The primary endpoint of interest was the composite of major adverse cardiac and cerebrovascular events (MACCE), defined as all-cause death, repeat revascularization, myocardial infarction (MI), stroke, and readmission for angina pectoris or heart failure. The secondary endpoint was all-cause death. All-cause mortality was defined as death for any cause. Repeat revascularization was defined as a repeat PCI or bypass surgery. “MI” was defined as an increase in the concentration of creatine kinase-MB fraction or troponin-T/troponin-I greater than the upper limit of normal with concomitant ischemic symptoms or electrocardiographic findings indicative of ischemia. Readmission for angina pectoris or heart failure was defined as re-hospitalized in our hospital or other hospitals due to angina pectoris, acute heart failure or acute exacerbation of chronic heart failure .
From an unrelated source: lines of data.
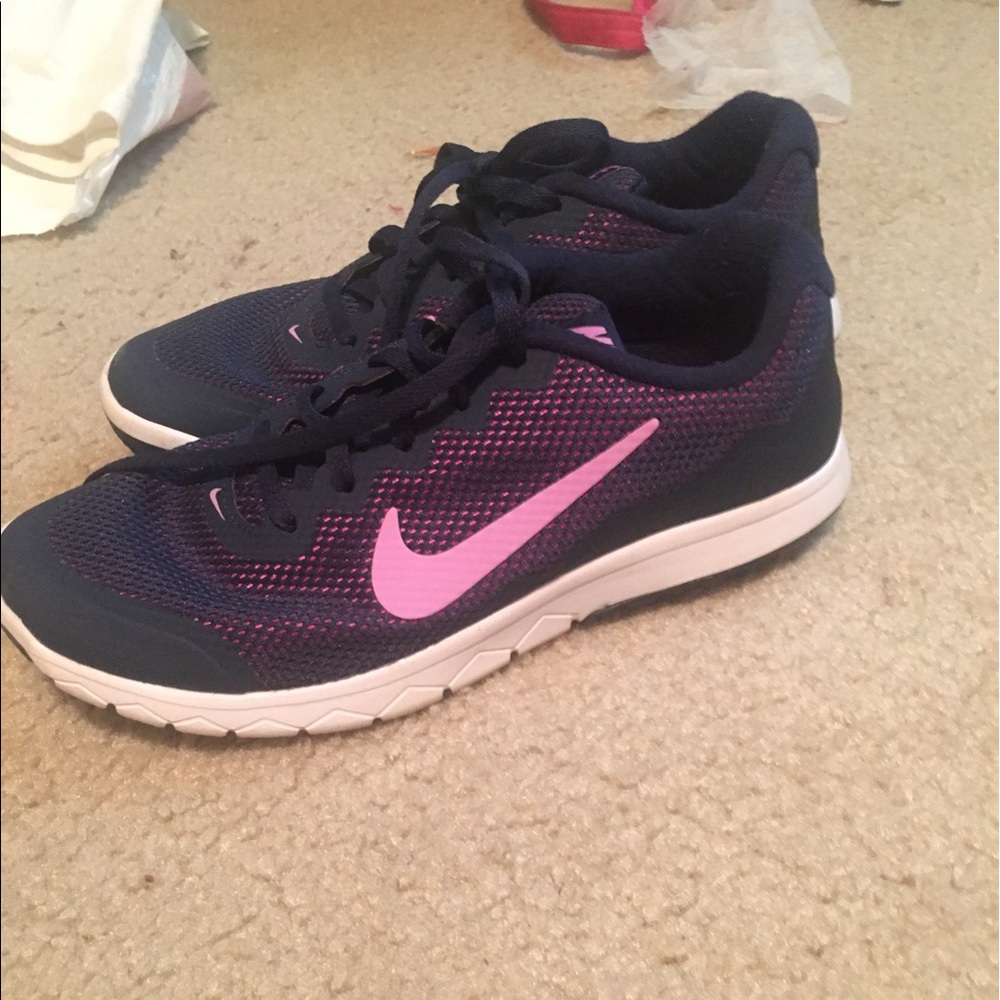 Women's Nikes Size 7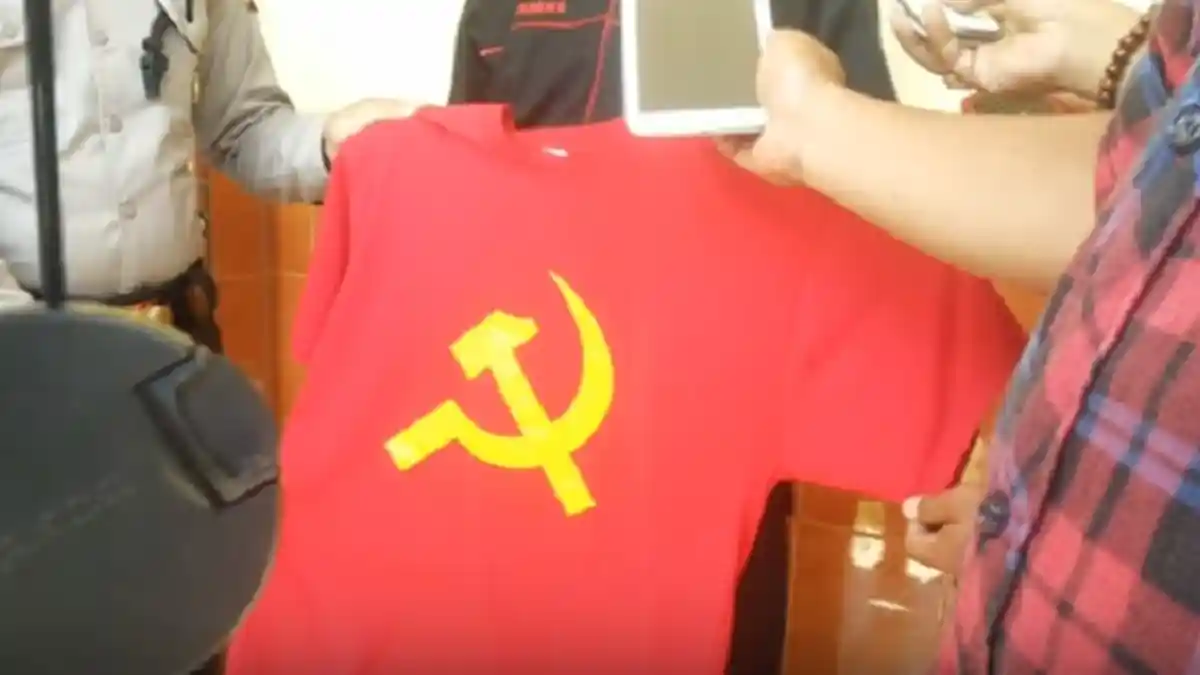 4 Warga Malaysia Ditangkap Jual Buku Bergambar 'Palu Arit'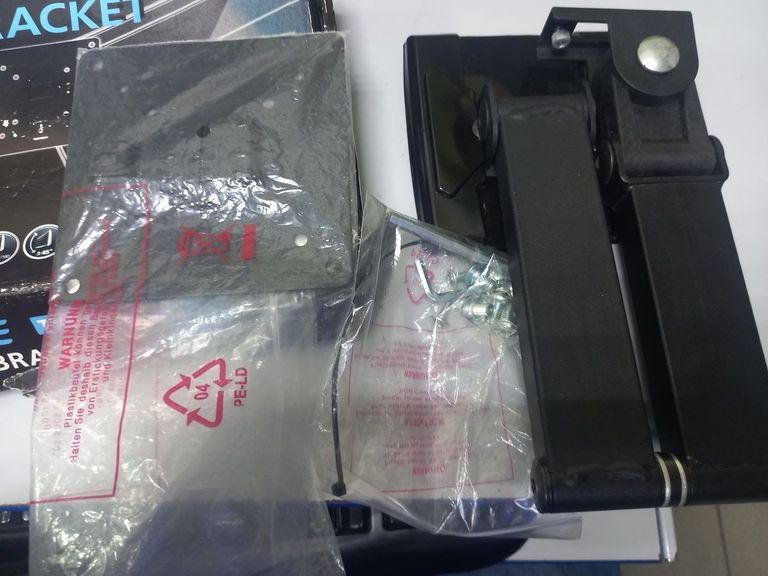 Дешево Wall Bracket eagle tv22 з ломбарду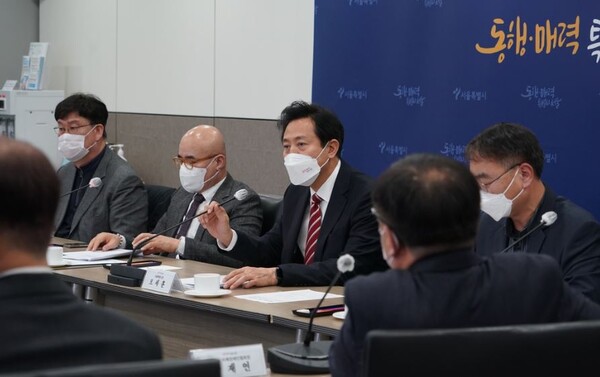 오세훈(왼쪽에서 세 번째) 서울시장이 지난 9일 장애인 단체장 9명이 참석한 가운데 열린 장애인 정책 간담회에서 발언하고 있다. / 서울시 제공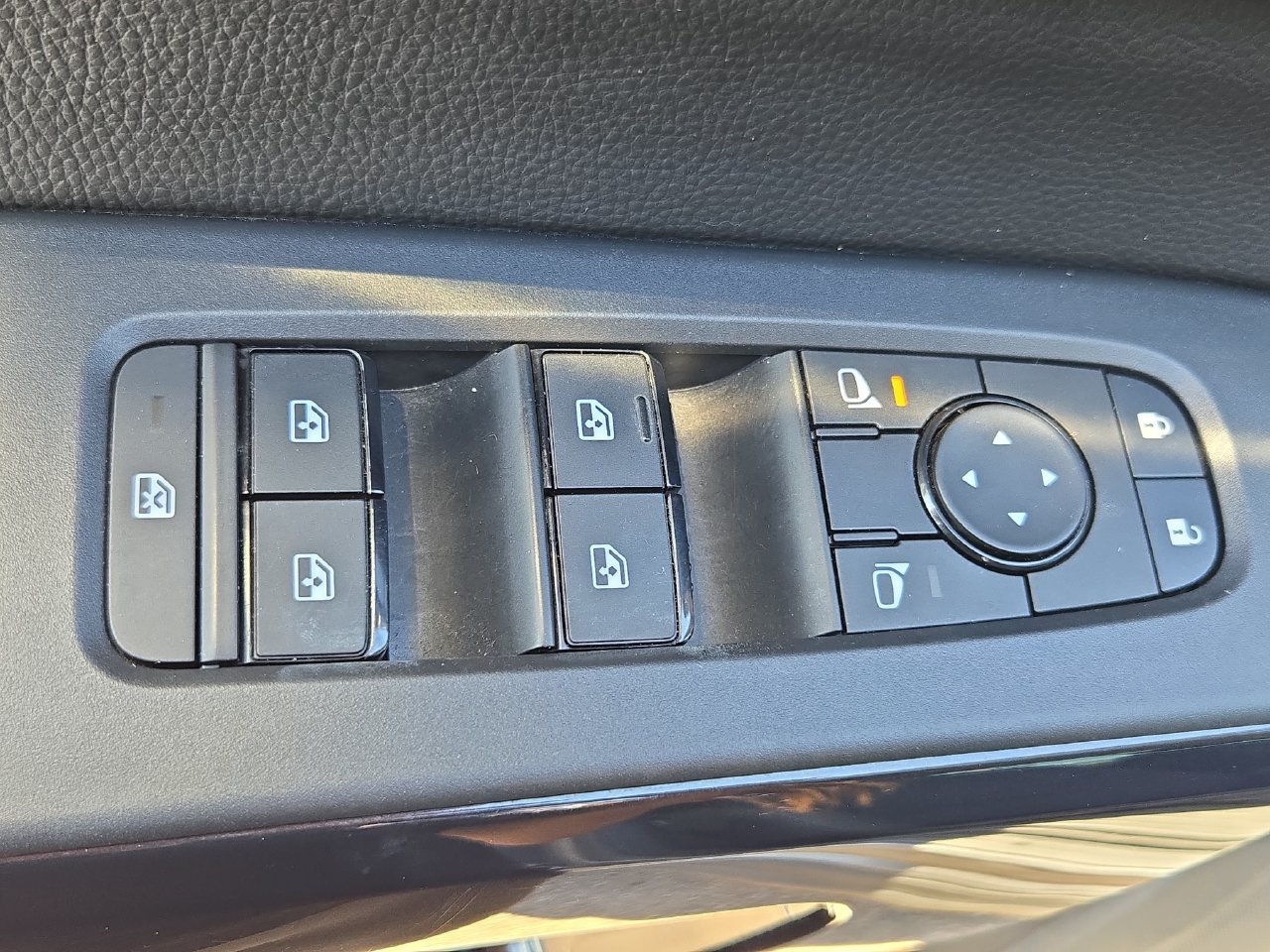 Used 2025 Nissan Pathfinder SV FWD image 28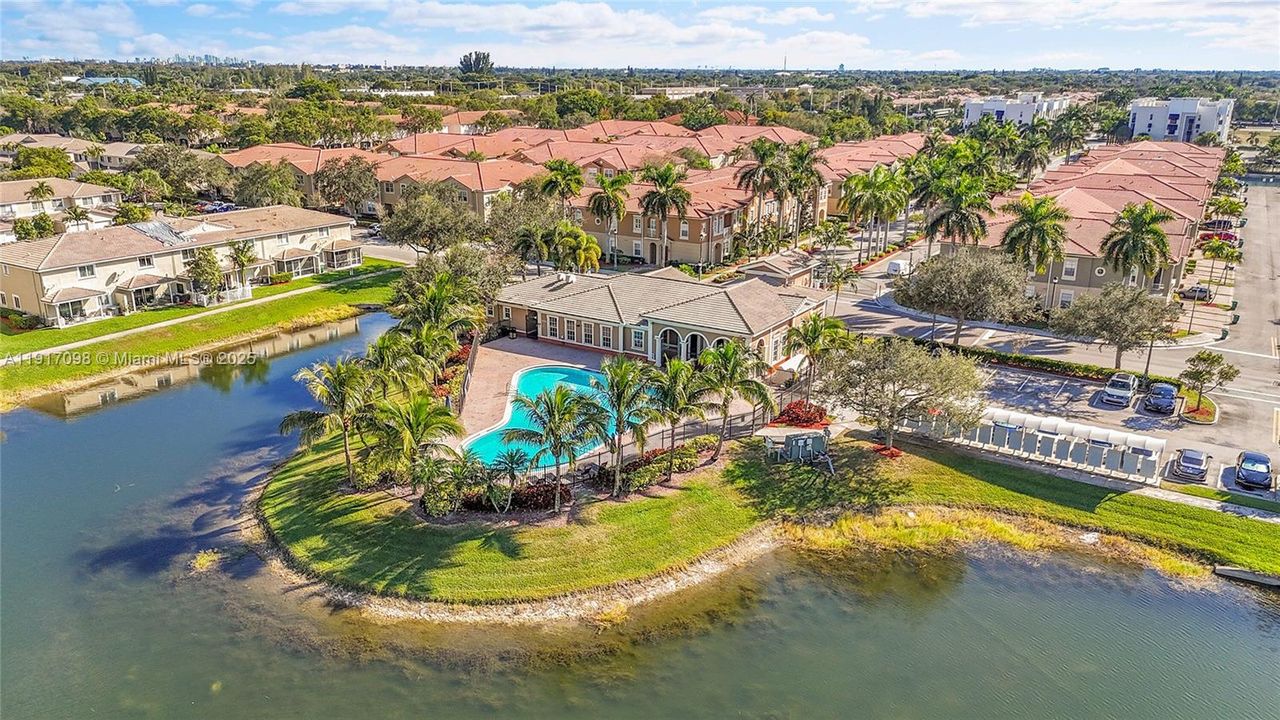 For Sale: $389,900 (3 beds, 2 baths, 1418 Square Feet)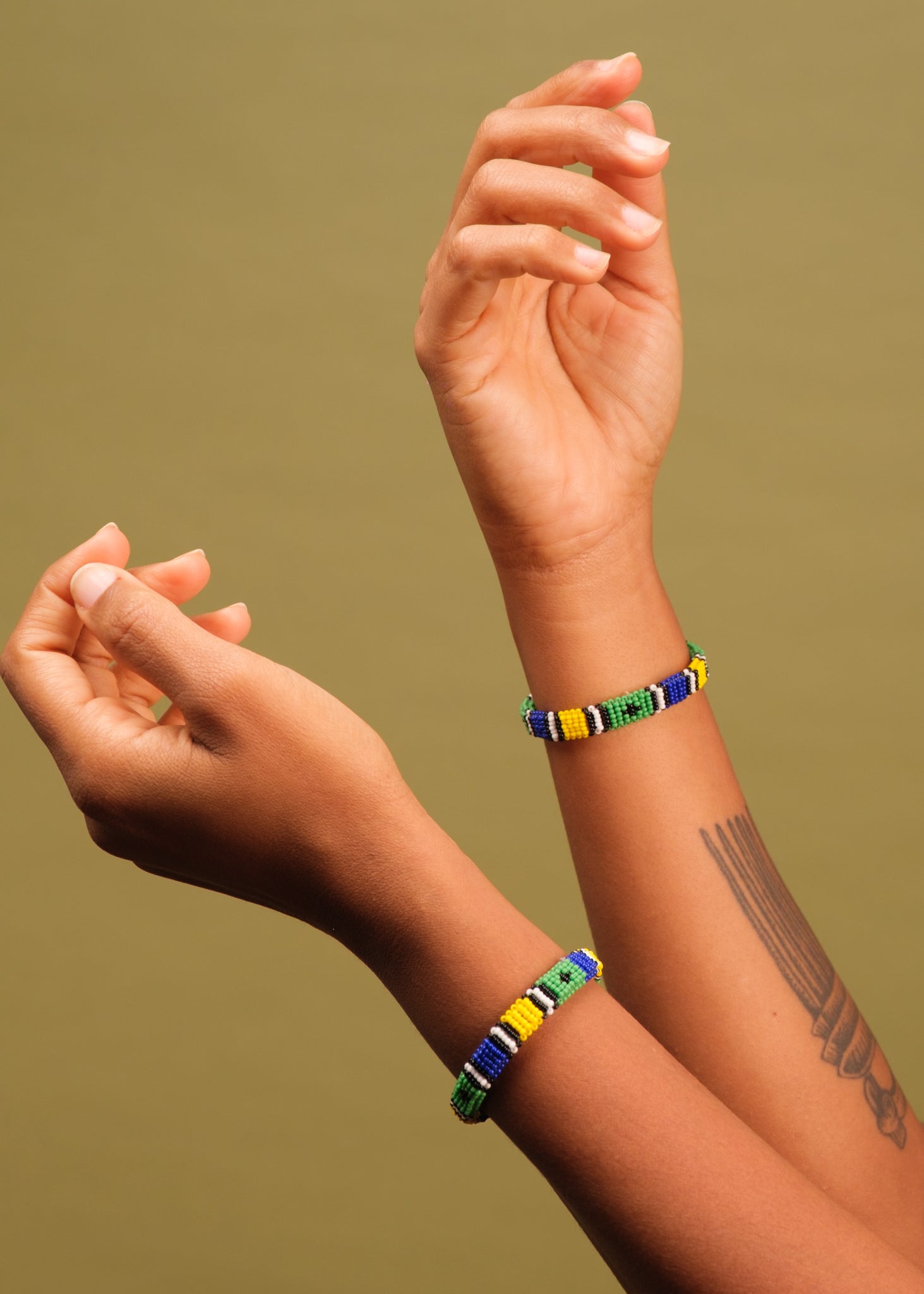 Dupla de pulseira de miçangas colorida, feita pelo povo Waurá, artesanato indígena brasileiro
Categorical variables were compared with the chi-squared test and were expressed as percentages. Continuous variables were expressed as mean ± standard deviation or median (interquartile range), and were compared using the Student’s t test or Mann–Whitney U test. Event-free survival was estimated using Kaplan-Meier survival curves, and compared with the log-rank test. Three multivariable Cox regression analysis models were performed to assess the effect of potential confounders on the relationship between hs-CRP level and clinical outcomes. Independent baseline variables with a P < 0.1 in the univariate analysis and the relevant clinical implications were included in the multivariate models. Model 1 was adjusted for age and sex; Model 2 was adjusted for age, sex, smoking and systolic blood pressure (SBP); and Model 3 was adjusted for age, sex, smoking, SBP, high-density lipoprotein cholesterol (HDL-C), low-density lipoprotein cholesterol (LDL-C), ACS and revascularization in hospital. The receiver operating characters (ROC) curve analysis was performed to assess the sensitivity and specificity of the hs-CRP for predicting MACCEs (Fig. 2). Additional file 2: Figure S1 shows the comparison of the ROC curves of hs-CRP and lipoprotein(a) for predicting MACCE. The Concordance index, net reclassification improvement (NRI), and integrated discrimination improvement (IDI) were calculated to evaluate the added effect of hs-CRP and the baseline model with established traditional risk factors on the discrimination of clinical outcomes. Established traditional risk factors were age, gender, smoking, hypertension, dyslipidemia and CKD. NRI indicates how many patients improved the accuracy of predicted probability for outcomes. IDI was assessed to determine whether to improve the prediction model. P-values < 0.05 were considered statistically significant. Analyses were carried out using SPSS 24.0, Stata 15 and R 4.1.3.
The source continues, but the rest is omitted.